Sensibilisation - 12 décembre 2021
La mobilisation la plus large est le seul levier viable et pérenne pour contrer les cyberattaques
Photo de Jason Goodman sur Unsplash
Notre vision collective de la cyber, autant chez les non-spécialistes que chez les experts et les dirigeants, est à réexaminer en profondeur. Pour maximiser l'efficacité de nos interventions individuelles et notre protection collective. Car l'écosystème des attaquants évolue beaucoup plus vite que celui des défenseurs.
L'efficacité collective des attaquants est redoutable. L’écosystème s’industrialise. Sur leurs enjeux cyber, les cybercriminels pensent “client” beaucoup plus efficacement que les défenseurs. Et détournent les outils marketing usuels (publicité en ligne, plateformes d’e-mailing, landing pages, partage de fichiers, services du cloud…). Les cybercriminels et cyber espions collaborent, échangent des outils, partagent leur R&D. Ils coopèrent avec les mafias criminelles classiques. Comme le font certains États. Quand nous, défenseurs, sommes aux balbutiements. Et nous restons dispersés, malgré les initiatives d’ampleur comme le Campus Cyber, qui va dans le bon sens de constituer cette “équipe de France” cyber, dans une logique de structuration du marché. Ou encore, dans l’Union Européenne, la directive NIS2, le Cybersecurity Act et l’arrivée de la labellisation cyber.
Ne cherchons plus à sensibiliser : cela ne fonctionne pas. Dans notre étude menée avec Harris Interactive, publiée en 2020, 80% des salariés d'entreprises françaises de plus de 50 collaborateurs (échantillon représentatif de 648 salariés) disent appliquer les bonnes pratiques de cybersécurité. Simultanément, ils sont tout aussi nombreux à déclarer des usages inadaptés. Pour ne prendre qu’un seul exemple, ils sont 78% à utiliser des mots de passe identiques pour plusieurs plateformes. À quoi bon ajouter une couche de sensibilisation ? Faut-il l’ajouter au marteau ? Ou à coup de tests de phishing ?
Dès à présent, nous devons mobiliser le plus largement. La mobilisation appelle les volontaires. Parions sur notre intelligence collective, en la nourrissant d’informations cyber de qualité. Et d’expériences engageantes. Au quotidien, mesurons l'efficacité de cette mobilisation. Cette mobilisation est démontrée par une démarche soutenue par la science.
En creux, Guillaume Poupard, le DG de l’ANSSI, sur LinkedIn, lie clairement l’efficacité de la cybersécurité aux aspects humains : “𝐂𝐲𝐛𝐞𝐫𝐬𝐞́𝐜𝐮𝐫𝐢𝐭𝐞́ : Malgré tous nos efforts d’anticipation, de sensibilisation, de prévention, de détection, de réponse à incident, de défense... il demeure primordial que chacun se protège à son niveau face aux menaces numériques en appliquant les gestes barrières numériques”.

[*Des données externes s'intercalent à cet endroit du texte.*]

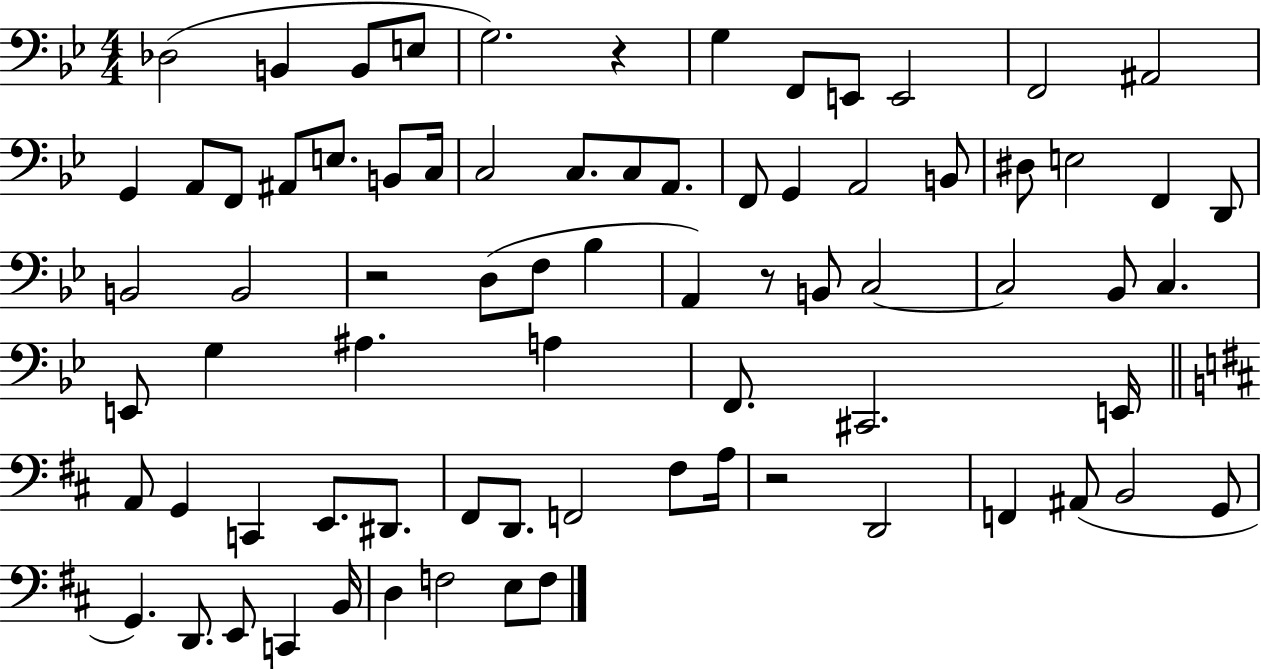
Db3/h B2/q B2/e E3/e G3/h. R/q G3/q F2/e E2/e E2/h F2/h A#2/h G2/q A2/e F2/e A#2/e E3/e. B2/e C3/s C3/h C3/e. C3/e A2/e. F2/e G2/q A2/h B2/e D#3/e E3/h F2/q D2/e B2/h B2/h R/h D3/e F3/e Bb3/q A2/q R/e B2/e C3/h C3/h Bb2/e C3/q. E2/e G3/q A#3/q. A3/q F2/e. C#2/h. E2/s A2/e G2/q C2/q E2/e. D#2/e. F#2/e D2/e. F2/h F#3/e A3/s R/h D2/h F2/q A#2/e B2/h G2/e G2/q. D2/e. E2/e C2/q B2/s D3/q F3/h E3/e F3/e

Cette idée de gestes barrières numériques, si leur mise en application est clé, rappellent pour beaucoup l’analogie du “firewall humain”. Pourtant, cette analogie correspond difficilement à la réalité sociologique, qui n’est pas binaire, et aux besoins fondamentaux de chacun. Heureusement, ces besoins ne se limitent pas aux travaux de Maslow (1943).
Il est déjà tard pour bien faire. Par bien des aspects, trop tard. Car nous accumulons un retard, collectif, conséquent. Aujourd’hui encore, sont mis sur le marché des produits, parfois même des dispositifs médicaux, qui comportent des familles de failles pourtant connues depuis plus de 20 ans. C’est une faillite collective.

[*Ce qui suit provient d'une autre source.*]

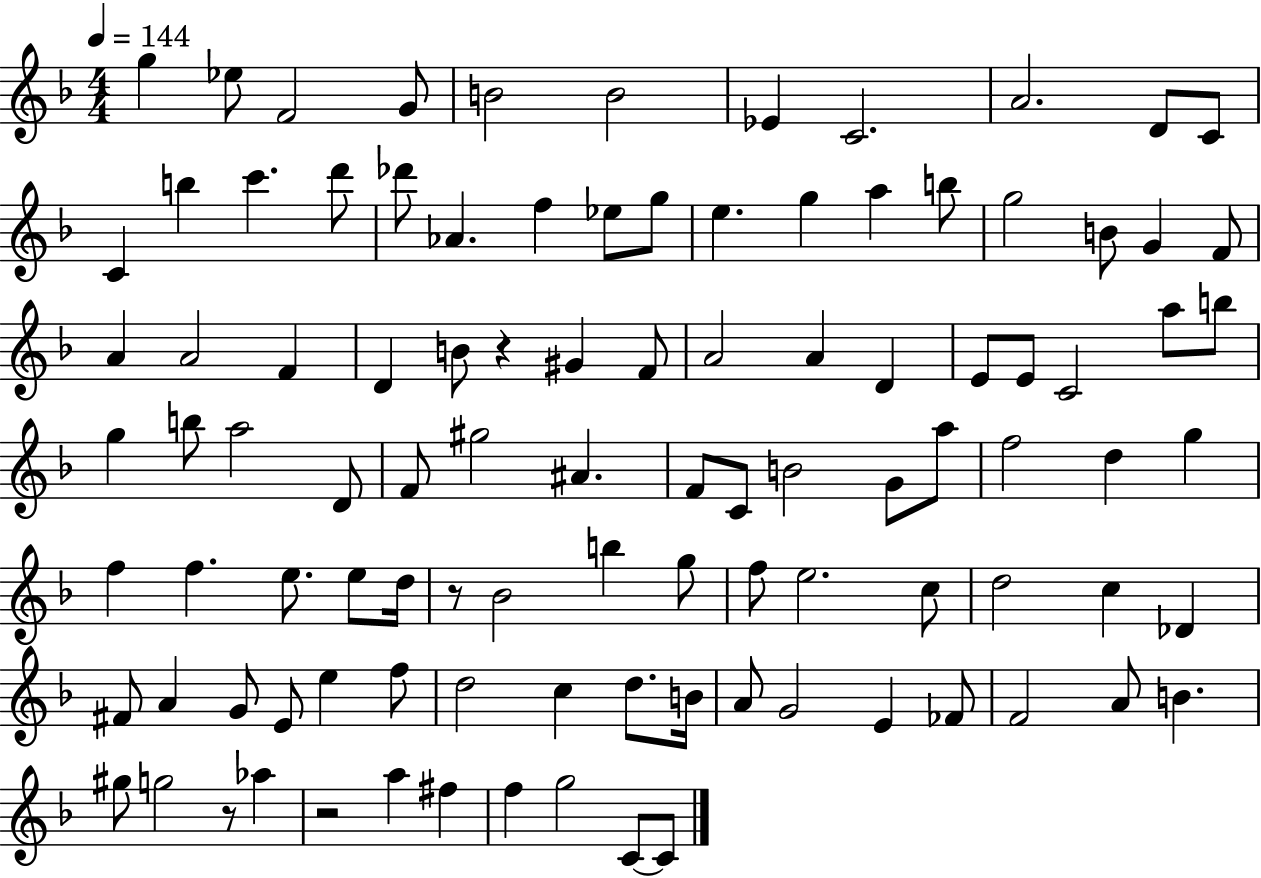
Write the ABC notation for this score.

X:1
T:Untitled
M:4/4
L:1/4
K:F
g _e/2 F2 G/2 B2 B2 _E C2 A2 D/2 C/2 C b c' d'/2 _d'/2 _A f _e/2 g/2 e g a b/2 g2 B/2 G F/2 A A2 F D B/2 z ^G F/2 A2 A D E/2 E/2 C2 a/2 b/2 g b/2 a2 D/2 F/2 ^g2 ^A F/2 C/2 B2 G/2 a/2 f2 d g f f e/2 e/2 d/4 z/2 _B2 b g/2 f/2 e2 c/2 d2 c _D ^F/2 A G/2 E/2 e f/2 d2 c d/2 B/4 A/2 G2 E _F/2 F2 A/2 B ^g/2 g2 z/2 _a z2 a ^f f g2 C/2 C/2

Mais sans une véritable révolution du domaine, ce sera pire demain : smart cities avec reconnaissance faciale et gestion des services publics de proximité, exosquelettes, cobots en usine, voire robots “chien” ou humanoïdes de Boston Dynamics auxiliaires de police, au bureau ou en restauration collective, etc. Dans plusieurs secteurs, ce numérique bien physique est déjà une réalité quotidienne, notamment au travers de drones de surveillance.
Ensemble, avec tous ceux qui se sentent concernés par cet enjeu majeur de notre monde, nous ne devons pas subir une telle transformation digitale. Menons cette révolution collective, celle d’une sécurité digitale en même temps plus efficace et plus éthique, au service de l’humain.